**DATA**
--

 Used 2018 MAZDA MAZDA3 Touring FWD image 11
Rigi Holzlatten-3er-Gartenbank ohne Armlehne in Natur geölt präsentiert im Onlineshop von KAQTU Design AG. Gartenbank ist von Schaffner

--

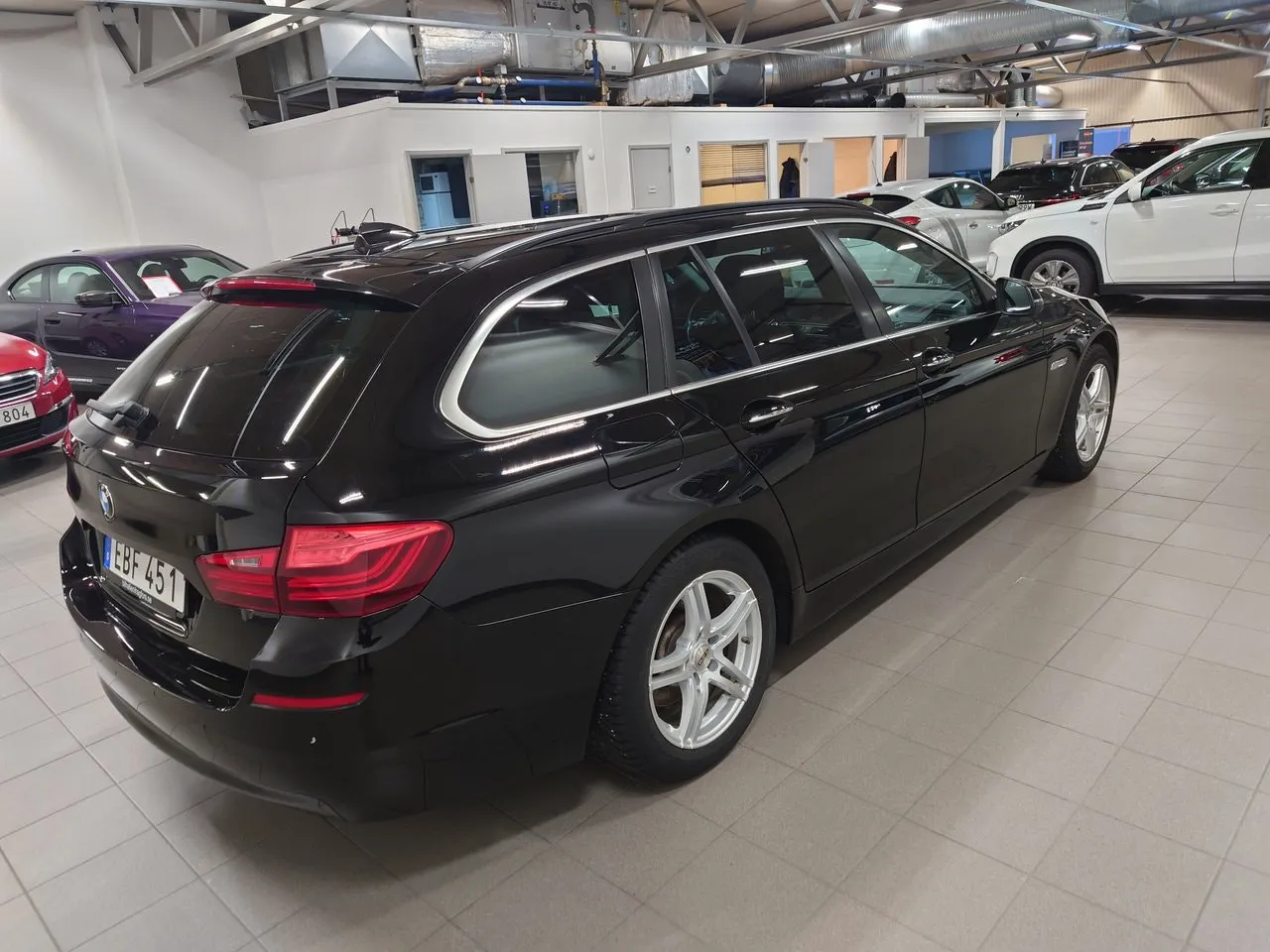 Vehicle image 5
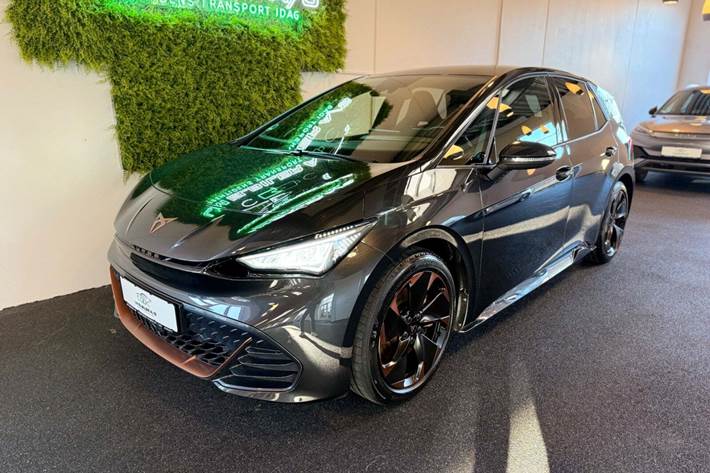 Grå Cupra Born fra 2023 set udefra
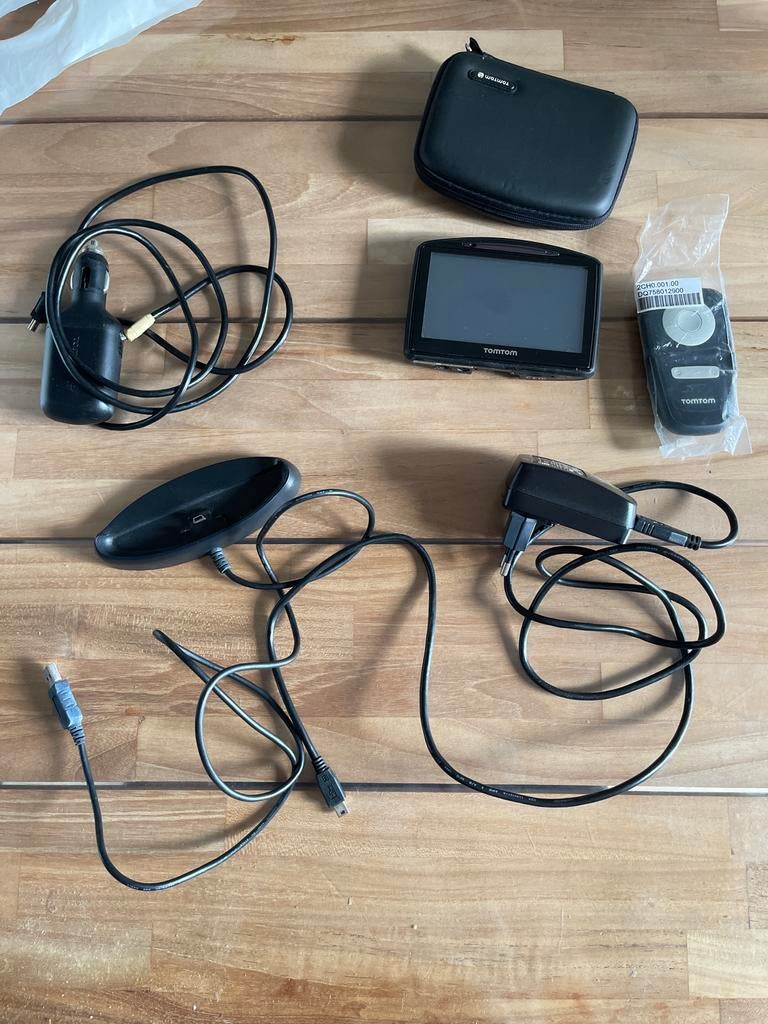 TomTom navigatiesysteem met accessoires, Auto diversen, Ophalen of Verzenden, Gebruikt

--

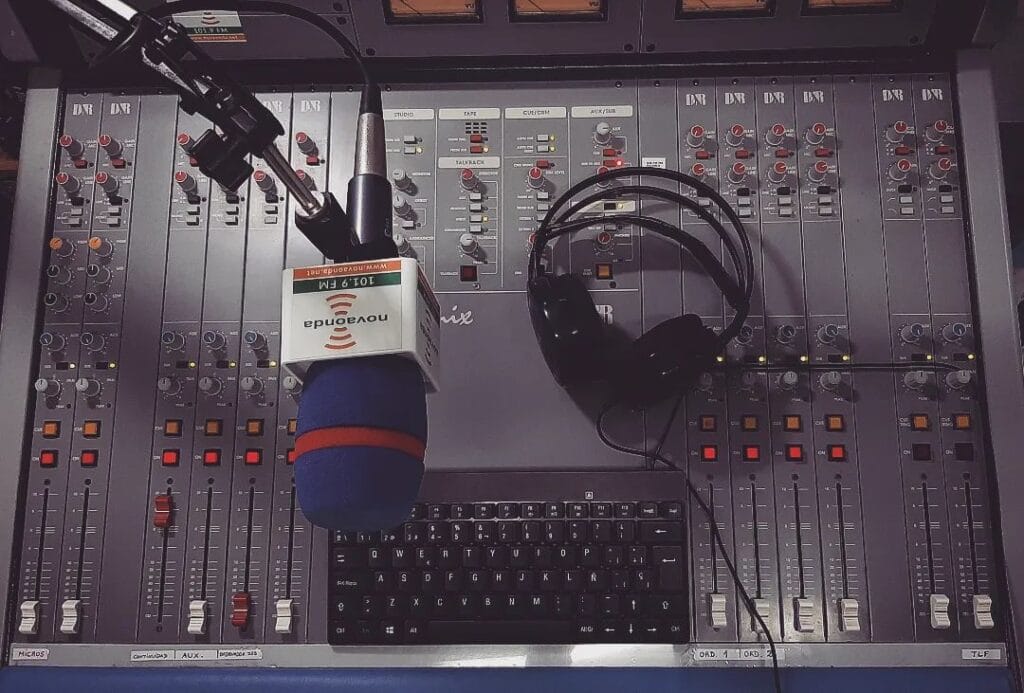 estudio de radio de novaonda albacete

--

**YOUR OBJECTIVE**
In the listing above, find the line containing "Used 2018 MAZDA MAZDA3 Touring FWD image 11" and the line containing "Rigi Holzlatten-3er-Gartenbank ohne", then retype both and every line between them exactly, with nothing else.

**SOLUTION FOR THIS TASK**
 Used 2018 MAZDA MAZDA3 Touring FWD image 11
Rigi Holzlatten-3er-Gartenbank ohne Armlehne in Natur geölt präsentiert im Onlineshop von KAQTU Design AG. Gartenbank ist von Schaffner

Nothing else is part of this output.